Giants shake the world. It was ages ago when first she felt the residual shudders of Quartzes’ footsteps, Nacre knows full well what it is to walk among the feet of those much larger, and grander, and to take every step mindful of the way the world moves around those behemoths.

One never expects to be shaken by the likes of their own.

Rhodonite enters the arena one fine day with her postures subtly altered: her back straighter, her smile, a touch more obliging. Nacre takes her pose, and it is fortunate, because the entrance of a General Quartz and her Pearl freezes her to the spot.

“I am flattered by your visit, General,” Rhodonite says, and though they are only coming down the steps, Nacre can hear them all the way from the floor. “I think you will be impressed by the progress of the recruits, and I am, of course, happy to hear all of your thoughts regarding the work that we do, here...”

The general is a striking, wide-shouldered Citrine, hair chopped shorter than the usual Quartz, everything about her angles and immensity. But Nacre’s gaze does not stay with her. As magnificent as she is, she is not half as world-shaking as the lovely creation that stands in her shadow.

This is a proper Pearl, the perfect kind, gem settled at the base of her throat in perfect mimicry of her owner. A Champagne, she is gently yellow, her outfit cut in a v-shape with points tapered out towards her shoulders, giving the illusion of wideness. Her form is slender and her airs are quiet, and—and at face value, she looks nothing like the gem to whom she belongs. But, by the same token, it is obvious whose image she was made in, and stars around, if she isn’t beautifully made.

She has her head demurely tipped down, but when she reaches the floor with her Citrine, she does glance up. Their gazes briefly pass over one another. She glances at the sword in Nacre’s hands, then glances at her again, with a strange look that Nacre, by virtue of being enough like her, can read. It is not a kind look. It is a look that asks, _what in the world are you for_?

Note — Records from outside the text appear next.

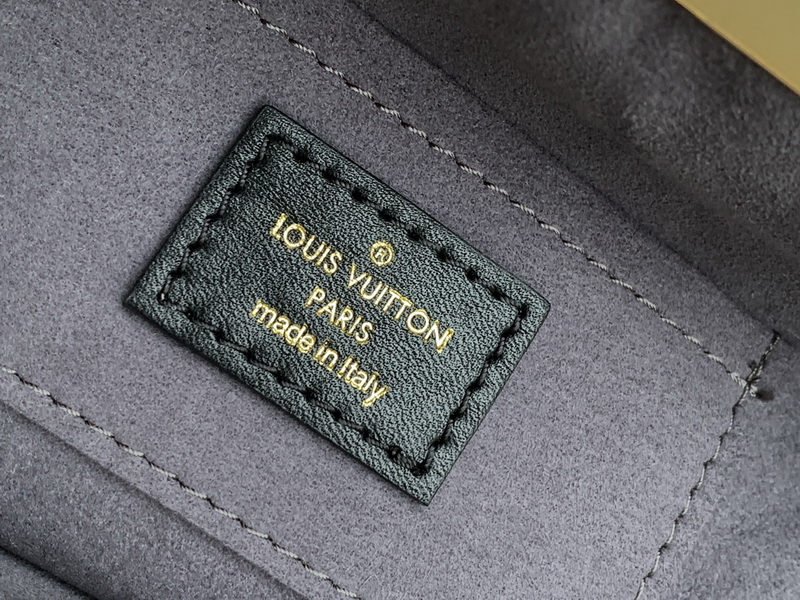 LV Handbags AAA(Women)-1212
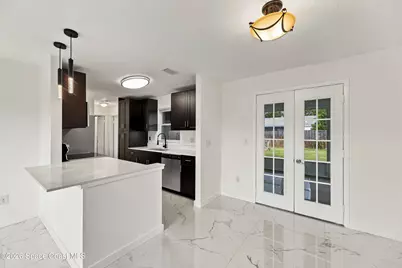 240 Meadowbrook Avenue, Merritt Island, FL 32953 - Photo 5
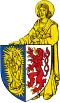 نشان Lontzen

A moment afterward, Nacre falls into the shadow of Rhodonite and the visiting General, and she, too, dips her head.

“So this is the curious little Pearl I’ve heard so much about.”

“A Nacre, in point of fact,” Rhodonite says. “She was always intended for utility, an arena is no place for opulence.”

“Quite. And her function is...”

“Exhibition of technique. Soldiers get sloppy, that is how we _lose_ them. Pearls, however, have perfect recall, and I see no reason not to make the most of that very attribute.”

Nacre can make out, from the corner of her eye, the way the Citrine spares a look to regard her. “Pearls are not made for fighting, you know.”

“Quite. She isn’t here to fight. She exhibits and executes technique for demonstration and training purposes. It is hardly as though we are intending to send her out into the field—soldiers belong in battle, whereas this Nacre belongs here. And here she will remain until the day she breaks.”

“ _Good_. I’ve been highly skeptical, Commander, of this whole thing...”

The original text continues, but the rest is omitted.